O mundo vive na iminência de uma guerra, e Guy Montag, bombeiro, assim como foram o pai e o avô antes dele, é um sujeito orgulhoso do que faz. Há dez anos seu trabalho é incinerar livros. Sim! Em Farenheit 451 os bombeiros possuem a terrível tarefa de destruir toda e qualquer obra literária, equipados com seus lança-chamas e seus carros incendiários, atuando como uma brigada de repressão. Casado com Mildred, mulher de pouco afeto, alienada e superficial, o protagonista é apenas mais um mantenedor do status quo.

Certa noite, quando retorna para casa após o trabalho, Guy conhece Clarisse McClellan, garota que mora na vizinhança, e que vem de uma família diferente das outras. Após um breve diálogo com a jovem a semente da dúvida brota na cabeça de Montag e a transformação tem início.

Com olhar curioso e questionador, o bombeiro passa a interessar-se pelos livros. Tenta salvá-los das chamas, esconde-os dos olhos das pessoas, decifra as páginas que abre. Então, ao encontrar-se com Faber, ex-professor de inglês que vive recluso, Guy tem os horizontes expandidos. Em um diálogo entre os dois, o autor parece falar através do professor: 
“Precisamos de conhecimento. E talvez em mil anos possamos escolher precipícios menores de onde saltar. Os livros servem para nos lembrar quanto somos estúpidos e tolos. São o guarda pretoriano de César, cochichando enquanto o desfile ruge pela avenida: “Lembre-se, César, tu és mortal”. A maioria de nós não pode sair correndo por aí, falar com todo mundo, conhecer todas as cidades do mundo. Não temos tempo, dinheiro ou tantos amigos assim. As coisas que você está procurando, Montag, estão no mundo, mas a única possibilidade que o sujeito comum terá de ver noventa e nove por cento delas está num livro”. 
Ambos, então, tecem um plano para salvar e divulgar os livros de um mundo cretino que aboliu o deleite literário.

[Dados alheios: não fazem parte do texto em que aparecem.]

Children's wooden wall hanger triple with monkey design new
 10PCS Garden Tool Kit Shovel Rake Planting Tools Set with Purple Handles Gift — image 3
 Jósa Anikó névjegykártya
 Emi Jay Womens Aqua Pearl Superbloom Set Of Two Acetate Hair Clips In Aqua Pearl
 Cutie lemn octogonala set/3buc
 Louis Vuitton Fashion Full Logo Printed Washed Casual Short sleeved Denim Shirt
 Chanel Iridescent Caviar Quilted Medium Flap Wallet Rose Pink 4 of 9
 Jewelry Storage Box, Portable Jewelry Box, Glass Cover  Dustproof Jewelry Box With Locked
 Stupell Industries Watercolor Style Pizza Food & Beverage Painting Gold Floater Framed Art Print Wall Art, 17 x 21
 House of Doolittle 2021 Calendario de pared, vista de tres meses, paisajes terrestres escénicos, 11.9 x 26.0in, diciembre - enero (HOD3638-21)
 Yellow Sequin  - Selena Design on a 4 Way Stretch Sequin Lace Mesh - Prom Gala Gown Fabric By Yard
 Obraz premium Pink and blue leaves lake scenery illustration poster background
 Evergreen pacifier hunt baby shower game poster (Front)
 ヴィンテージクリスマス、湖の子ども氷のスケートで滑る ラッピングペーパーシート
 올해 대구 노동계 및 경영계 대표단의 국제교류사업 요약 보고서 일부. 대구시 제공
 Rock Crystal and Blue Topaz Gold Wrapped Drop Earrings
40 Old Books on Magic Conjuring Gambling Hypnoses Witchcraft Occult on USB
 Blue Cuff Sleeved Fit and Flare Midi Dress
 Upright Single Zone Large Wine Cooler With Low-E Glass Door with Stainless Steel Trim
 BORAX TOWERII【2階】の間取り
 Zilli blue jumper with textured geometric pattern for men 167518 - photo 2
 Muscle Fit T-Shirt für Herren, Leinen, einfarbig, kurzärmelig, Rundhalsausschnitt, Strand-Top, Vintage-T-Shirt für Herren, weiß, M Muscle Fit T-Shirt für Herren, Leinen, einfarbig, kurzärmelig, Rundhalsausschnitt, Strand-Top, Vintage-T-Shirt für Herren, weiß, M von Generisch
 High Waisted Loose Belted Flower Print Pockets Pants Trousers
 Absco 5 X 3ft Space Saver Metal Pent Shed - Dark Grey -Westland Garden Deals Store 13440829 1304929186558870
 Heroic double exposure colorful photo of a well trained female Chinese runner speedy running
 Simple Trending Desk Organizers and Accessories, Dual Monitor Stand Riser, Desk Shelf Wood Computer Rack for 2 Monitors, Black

A cada passo Montag torna-se uma ameaça. Em seu encalço, o Capitão Beatty, Chefe dos bombeiros. No controle de um Sabujo Mecânico, robô de oito patas e aparatos letais,  o Capitão mantém a ordem, garantindo que os cidadãos não sejam corrompidos pela literatura, ou mesmo eliminando aqueles que põe em "risco" a sociedade.

Farenheit 451, segundo o próprio Bradbury, é um romance de “centavos”, escrito numa máquina de escrever alugada em uma biblioteca de Universidade, e nasceu primeiramente como um conto, depois vindo a tornar-se novela e, finalmente, um romance breve. Apaixonado por conhecimento e pela literatura, o escritor imaginou um futuro em que as mídias de massa ocuparam todos os momentos de lazer das pessoas, em que os livros foram banidos, em que as relações humanas são superficiais. Critica, claramente, a televisão e a tecnologia, que privam o indivíduo de exercer a escolha e o pensamento crítico. Mildred, a esposa de Montag, é o retrato perfeito do cidadão manipulado pelo sistema midiático.

Agora chega, senão vou acabar dando spoilers!

Cabe informar ao leitor que Farenheit 451 foi transformado em peça de teatro pelo próprio Bradbury, que atualizou e aprofundou a trama, adicionando diálogos e cenas novas. Não somente, o romance foi adaptado ao cinema pelo diretor François Truffaut, em 1966 (e, falando em cinema, Bradbury recebeu o Oscar em 1956 pelo roteiro do filme Moby Dick, dirigido por John Huston).

Para quem deseja maior contato com a obra de Ray Bradbury, falecido em 2012 aos noventa e um anos, fica a recomendação do clássico Crônicas Marcianas, bem como o excelente A cidade inteira dorme, que estão disponíveis em língua portuguesa.

Por enquanto é só. Um grande abraço e até a próxima resenha!